**Categorical data analysis** could mean a couple different things. One is analyzing data that falls into unordered categories (e.g. red, green, and blue) rather than numerical values (e..g. height in centimeters).

Another is using category theory to assist with the analysis of data. Here “category” means something more sophisticated than a list of items you might choose from in a drop-down menu. Instead we’re talking about applied category theory.

So we have ((categorical data) analysis) and (categorical (data analysis)), i.e. analyzing categorical data and categorically analyzing data. The former is far, far more common.

I ran across Alan Agresti’s classic book the other day in a used book store. The image below if from the third (2012) edition. The book store had the 1st (1990) edition with a more austere cover.

I bought Agresti’s book because it’s a good reference to have. But I was a little disappointed. My first thought was that someone has written a book on category theory and statistics, which is not the case, as far as I know.

The main reference for category theory and statistics is Peter McCullagh’s 2002 paper What is a statistical model? That paper raised a lot of interesting ideas, but the statistics community did not take McCullagh’s bait.

Maybe this just wasn’t a fruitful idea. I suspect it is a fruitful idea, but the number of people available to develop it, conversant in both statistics and category theory, is very small. I’ve seen category theory used in mathematical modeling more generally, but not in statistics per se.

At its most basic, category theory asks you to be explicit about the domain and range (codomain) of functions. It would be very helpful if statisticians merely did this. Statistical notation is notoriously bad at where a function goes from and to, or even when a function is a function. Just 0th level category theory, defining categories, would be useful. Maybe it would be useful to go on to identifying limits or adjoints, but simply being explicit about “from” and “to” would be a good start.

Category theory is far too abstract to completely carry out a statistical analysis. But it can prompt you to ask questions that check whether your model has any inconsistencies you hadn’t noticed. The idea of a “categorical error” doesn’t differ that much moving from its philosophical meaning under Aristotle to its mathematical meaning under MacLane. Nor does the idea of something being “natural.” One of the primary motivations for creating category theory was to come up with a rigorous definition of what it means for something in math to be “natural.”

I think category theory is slowly making its way into data analysis, just not necessarily in the ways one might at first expect. The primary places I’ve seen category theory showing up is in deep learning (see Spivak and Fong’s “Backprop as Functor” for example, among others), and through the backdoor of topological data analysis. This is certainly not the categorical approach to statistics that you are discussing here, but I think it is an easier way to slip category theory in.

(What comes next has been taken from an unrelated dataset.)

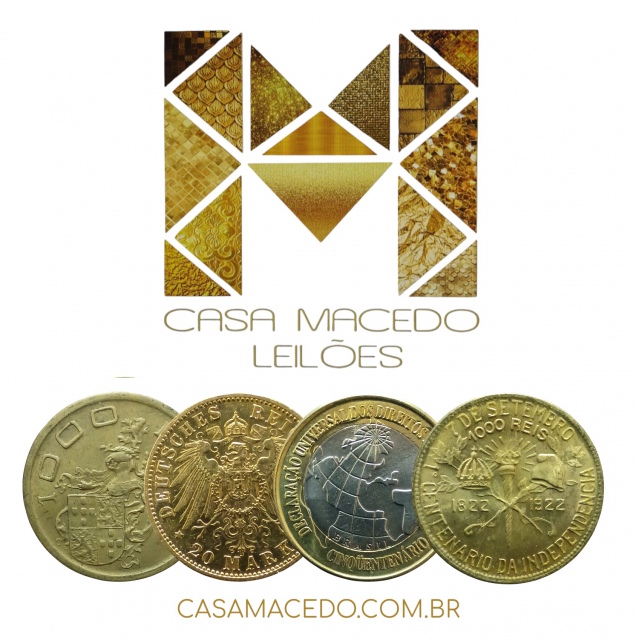 16º LEILÃO CASA MACEDO DE NUMISMÁTICA - CEDULAS E MOEDAS NACIONAIS E ESTRANGEIRAS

For my own part I am certainly interested in using category theory in data analytics and machine learning. I went to the trouble of designing an alternative to t-SNE (called UMAP) based on category theory and algebraic topology instead of probability theory. I think this approach makes for a more convincing argument for *why* such approaches work than t-SNE’s probability inspired description. I also believe I can use the same language and techniques to do clustering.

In summary — category theory is coming to data science, it is just taking the slow road via specific tools and techniques rather than trying to take over statistics.

The folks over at the n-category cafe occasionally touch on statistics and machine learning topics.